»»

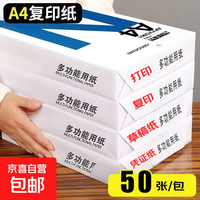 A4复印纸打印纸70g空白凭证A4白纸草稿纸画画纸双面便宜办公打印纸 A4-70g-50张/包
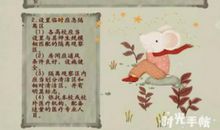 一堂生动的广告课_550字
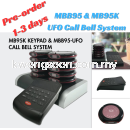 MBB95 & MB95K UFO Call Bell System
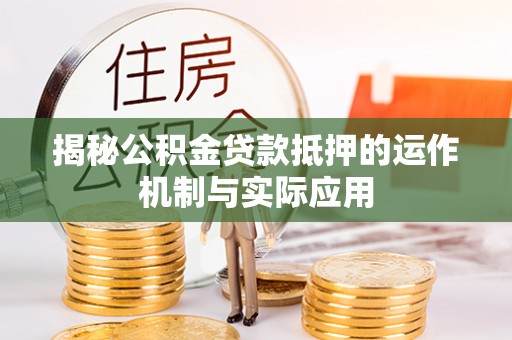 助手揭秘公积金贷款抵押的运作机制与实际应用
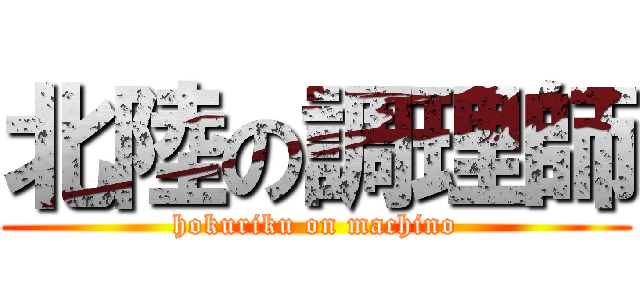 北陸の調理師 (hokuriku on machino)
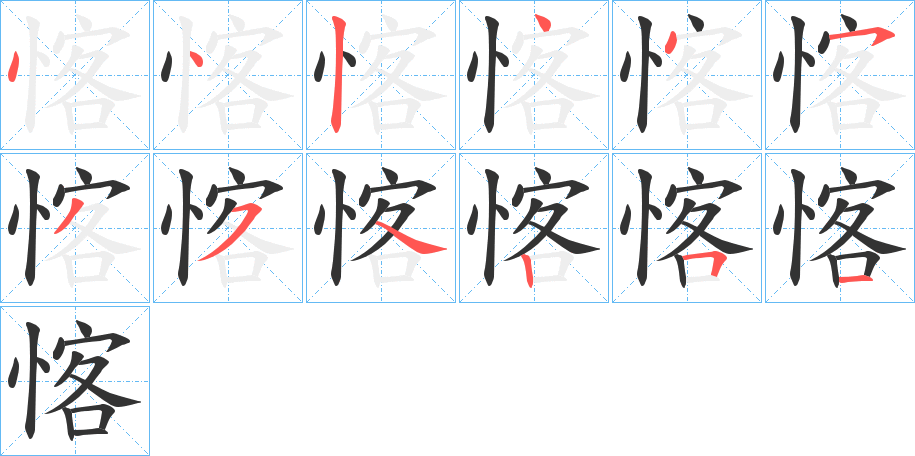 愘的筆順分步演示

««

**WHAT THE EXERCISE ASKS**
Omit every picture, and otherwise quote the entries exactly.

**REPLY TO THE TASK**
 A4复印纸打印纸70g空白凭证A4白纸草稿纸画画纸双面便宜办公打印纸 A4-70g-50张/包
 一堂生动的广告课_550字
 MBB95 & MB95K UFO Call Bell System
 助手揭秘公积金贷款抵押的运作机制与实际应用
 北陸の調理師 (hokuriku on machino)
 愘的筆順分步演示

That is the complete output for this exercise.